Specific things relate to the fact that the French Fifth Republic has been dominated by two major parties: the Gaullists, who have used lots of different names since 1958 and are now called the Republicans, and the Socialist party, with the new Socialist party being recreated in the early 1970s. Most of the time, the two leading candidates – that is, candidates that make it to the second ballot – came from those two parties. It’s incredible when you think about it that most likely in this election, neither party will be present, which means that the French party system is in the process of collapse. Why is that happening? Some of the answers are specifically French.
In the case of the right, the results of the primary are a little bit like the Republican primaries here in the United States – people often vote in Republican primaries for the most conservative candidate, and Fillon was the most conservative of the three, in that he came from an old Catholic subculture, which is a minority in France. People had had it with the old guard – that is, Nicolas Sarkozy, France’s former President, and Juppé, the former Prime Minister.
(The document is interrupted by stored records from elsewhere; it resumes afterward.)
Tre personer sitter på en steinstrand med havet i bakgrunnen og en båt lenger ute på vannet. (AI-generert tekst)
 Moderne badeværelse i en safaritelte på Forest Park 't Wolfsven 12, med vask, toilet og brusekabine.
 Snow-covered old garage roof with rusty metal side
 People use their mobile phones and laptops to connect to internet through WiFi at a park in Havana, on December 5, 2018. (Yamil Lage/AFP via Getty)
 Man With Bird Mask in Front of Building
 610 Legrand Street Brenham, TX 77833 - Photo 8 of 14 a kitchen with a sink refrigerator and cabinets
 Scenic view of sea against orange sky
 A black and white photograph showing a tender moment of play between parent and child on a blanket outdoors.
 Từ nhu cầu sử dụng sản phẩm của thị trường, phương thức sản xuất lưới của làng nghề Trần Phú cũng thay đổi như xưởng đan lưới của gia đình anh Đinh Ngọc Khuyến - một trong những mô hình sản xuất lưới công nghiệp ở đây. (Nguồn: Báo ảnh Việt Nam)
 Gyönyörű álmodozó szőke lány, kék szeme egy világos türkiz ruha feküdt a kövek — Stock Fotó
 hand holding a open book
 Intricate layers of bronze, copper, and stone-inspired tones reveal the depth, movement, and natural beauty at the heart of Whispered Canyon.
Fillon is a former Prime Minister but he was so obscured by Sarkozy, who treated him like an office boy, that somehow he didn’t get the opprobrium of people who had been part of the system. But Fillon, who everybody should have thought would have been part of the top two and would have defeated Le Pen, seems to be hopelessly corrupt. And by deciding he would protect his reputation by staying in the race rather than withdrawing, he has managed to damage his own party. Right now, he’s around 18 percent, which is incredibly low. You’d normally expect 25 or 30 percent. This may mean the major party of the right will fail to get into the second round. Consequences for the general election, for parliament would be huge. There is the possibility of the collapse of the old party of the right, the party of order.
And in the case of the Socialist party, that party is also almost at a point of total collapse. It wouldn’t be surprising if that happened. In 1969, the old Socialist party, the SFIO, was in a situation where its candidate got only four percent of the vote, because the leader of the old Socialist party told people to vote for a centrist candidate in the hope that he could defeat the Gaullists. What’s happening now is a little bit similar. The Socialist party was discredited, to an extent, by current President Francois Hollande’s very unsuccessful tenure. The fact that he wasn’t willing to run again was just amazing. That meant the party didn’t have a good chance.
The party is really factionalized, even more than usual. Hollande’s former Prime Minister, Manuel Valls, is a very right wing Socialist, and Hamon is a very left wing Socialist. Valls lost in the primary, and Hamon won, but I would say a large part of the right of the party won’t vote for him. To make it worse, there is also a dissident leftist running against him – Mélenchon. And Mélenchon has momentum. The weakness of the two traditional parties gave Macron – a guy from the center, who’s young and reformist – a real chance. It has completely upended French politics.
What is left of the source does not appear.